ISTE ‘18 was all abuzz with imminent news of a major announcement from Google. This, the Google foot soldiers proclaimed, was going to be the most transformative thing to happen Google Classroom since its launch. Word over at the Blogger’s Cafe – where ID tracking was in full flow – was that this was going to be huge. And why not, when one considers that this was the annual showcase of EdTech and the lofty goals of the host organization: “ISTE sets a bold vision for education transformation … to accelerate the use of technology to solve tough problems and inspire innovation. Our worldwide network believes in the potential technology holds to transform teaching and learning.”

The big news was “locked mode” in Google Forms and, bizarrely, this news created quite an excited stir. The locked function permits teachers to eliminate distractions while students are taking an online quiz or test by preventing them from opening other windows and tabs. It also prevents students from performing an internet search. So much for empowerment. What, one must ask, is the tough problem being solved here that inspires innovation? Prohibiting students from cheating on traditional assessments using expensive tech tools to perform very basic 20th century tasks is the new transformation.

All week, the ISTE Expo Hall gushed with predictions that Artificial Intelligence will automate the traditional classroom. Auto-grading is now a thing. Marketeers touted emerging tools to help students study smarter, by enabling them to memorise more information faster. Ultimately, though, the Big News, like Google Classroom, is the proliferation of software that allows teachers to monitor and keep students on-task. The lofty ambitions for education were summed up thus. Make tradition more efficient. Stop bored students from cheating on mindless, low-level assessments. Deliver content like Windows 98 is the next big thing. New tools. Old thinking. Systems, not learners.

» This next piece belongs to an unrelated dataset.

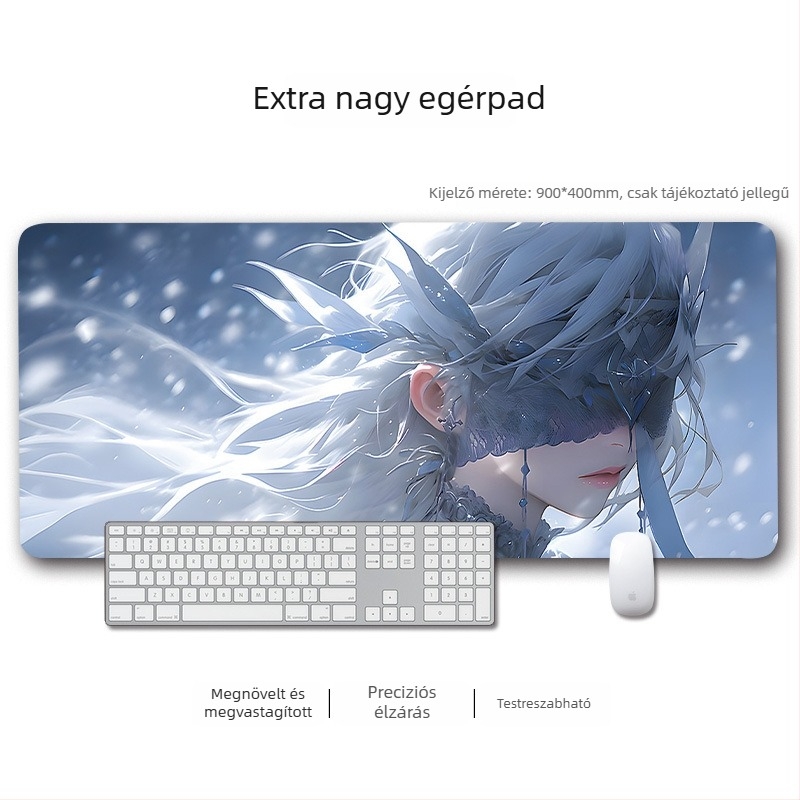 Nagy vastag egérpad megerősített éllel – csúszásmentes, irodai használatra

Make no mistake about it. EdTech as we currently know it is dead, it’s over. We should retire the phrase right now. If education is to be the target of an industry that has grown increasingly obsessed with standardization, control, automation, and delivery efficiencies, then we must opt out. This is not to say that we should abandon digital tools in the classroom. Far from it. I am very much an advocate for learning environments that provide learners with opportunities to do things that will enhance deep learning and provide students with the potential to do real, meaningful work, not simply mimic it. But this approach to learning needs to reside with the individual learner in mind, not with an industrial mindset that is driven by a desire to impose efficiency and control solutions on all. This is what EdTech has increasingly become now and it’s dead to me after ISTE. Let’s imagine what learning can be, not how we can run it to scale with organizational and industry needs driving the agenda.

Forget EdTech. Learning is about learners and this includes learning with digital and other possibilities, not solutions. Learning should be by design, not product. Learners first.